I have concerns about this chunk of code:

  theCollective()->scatter<GreedyLBTypes::ObjIDType,recvObjsHan>(
    max_bytes*load.size(),max_bytes,nullptr,[&](NodeType node, void* ptr){
      auto ptr_out = reinterpret_cast<GreedyLBTypes::ObjIDType*>(ptr);
      auto const& proc = node_transfer[node];
      auto const& rec_size = proc.size();
      ptr_out->id = rec_size;
      for (size_t i = 0; i < rec_size; i++) {
        *(ptr_out + i + 1) = proc[i];
      }
    }
  );

I'm concerned that I may have borked GreedyLB when I removed temporary IDs from the load balancers. Can @lifflander or @PhilMiller take a look and let me know how they think this was supposed to work?

nlslatt commented 3 years ago

I have concerns about this chunk of code:

  theCollective()->scatter<GreedyLBTypes::ObjIDType,recvObjsHan>(
    max_bytes*load.size(),max_bytes,nullptr,[&](NodeType node, void* ptr){
      auto ptr_out = reinterpret_cast<GreedyLBTypes::ObjIDType*>(ptr);
      auto const& proc = node_transfer[node];
      auto const& rec_size = proc.size();
      ptr_out->id = rec_size;
      for (size_t i = 0; i < rec_size; i++) {
        *(ptr_out + i + 1) = proc[i];
      }
    }
  );

I'm concerned that I may have borked GreedyLB when I removed temporary IDs from the load balancers. Can @lifflander or @PhilMiller take a look and let me know how they think this was supposed to work?

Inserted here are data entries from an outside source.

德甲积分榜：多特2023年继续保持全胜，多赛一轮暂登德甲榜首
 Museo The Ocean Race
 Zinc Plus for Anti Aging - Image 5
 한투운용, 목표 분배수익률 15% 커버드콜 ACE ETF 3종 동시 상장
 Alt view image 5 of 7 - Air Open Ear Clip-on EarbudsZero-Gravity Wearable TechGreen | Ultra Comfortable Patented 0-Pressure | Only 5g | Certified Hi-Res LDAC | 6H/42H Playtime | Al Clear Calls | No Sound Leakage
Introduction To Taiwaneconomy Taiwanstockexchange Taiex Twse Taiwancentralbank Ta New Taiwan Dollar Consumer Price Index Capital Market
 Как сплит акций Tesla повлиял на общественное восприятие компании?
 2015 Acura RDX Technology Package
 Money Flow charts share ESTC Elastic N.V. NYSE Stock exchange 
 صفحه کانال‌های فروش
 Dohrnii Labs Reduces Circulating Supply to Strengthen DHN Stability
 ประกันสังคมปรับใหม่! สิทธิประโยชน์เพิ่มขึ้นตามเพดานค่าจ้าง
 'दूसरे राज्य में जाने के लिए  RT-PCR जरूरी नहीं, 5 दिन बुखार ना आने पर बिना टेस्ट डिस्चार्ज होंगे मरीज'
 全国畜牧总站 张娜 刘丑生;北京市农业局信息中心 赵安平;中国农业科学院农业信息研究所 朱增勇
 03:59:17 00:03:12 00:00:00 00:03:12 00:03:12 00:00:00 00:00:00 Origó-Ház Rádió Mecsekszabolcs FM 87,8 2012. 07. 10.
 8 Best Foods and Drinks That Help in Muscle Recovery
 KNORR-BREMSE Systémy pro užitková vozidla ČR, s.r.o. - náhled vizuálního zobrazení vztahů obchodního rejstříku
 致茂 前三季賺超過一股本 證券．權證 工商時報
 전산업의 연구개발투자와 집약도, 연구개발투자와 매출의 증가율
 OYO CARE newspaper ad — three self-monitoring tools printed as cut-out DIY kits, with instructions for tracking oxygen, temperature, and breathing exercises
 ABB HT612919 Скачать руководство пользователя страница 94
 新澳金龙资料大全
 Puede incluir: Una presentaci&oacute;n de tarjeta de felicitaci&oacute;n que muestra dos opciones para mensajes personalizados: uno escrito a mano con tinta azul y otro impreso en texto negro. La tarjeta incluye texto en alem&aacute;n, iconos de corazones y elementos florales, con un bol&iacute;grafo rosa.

@lifflander and I discussed this and decided this chunk of code is correct.

nlslatt commented 3 years ago

This is a lot more difficult to reproduce on my Mac than I expected given how frequently I feel like it shows up on CI. It shows up for me on Mac best with 4 ranks. Maybe it would show up more frequently in Docker. You can run only this GreedyLB test by running something like below, but I recommend redirecting the output to file.

mpiexec -n 4 ./tests/collection_extended --gtest_filter=*/TestLoadBalancer.test_load_balancer_keep_last_elm/4 --gtest_repeat=1000
lifflander commented 3 years ago

@nlslatt I actually just commented out the other LBs to get it to reproduce easily, but I should have thought of that.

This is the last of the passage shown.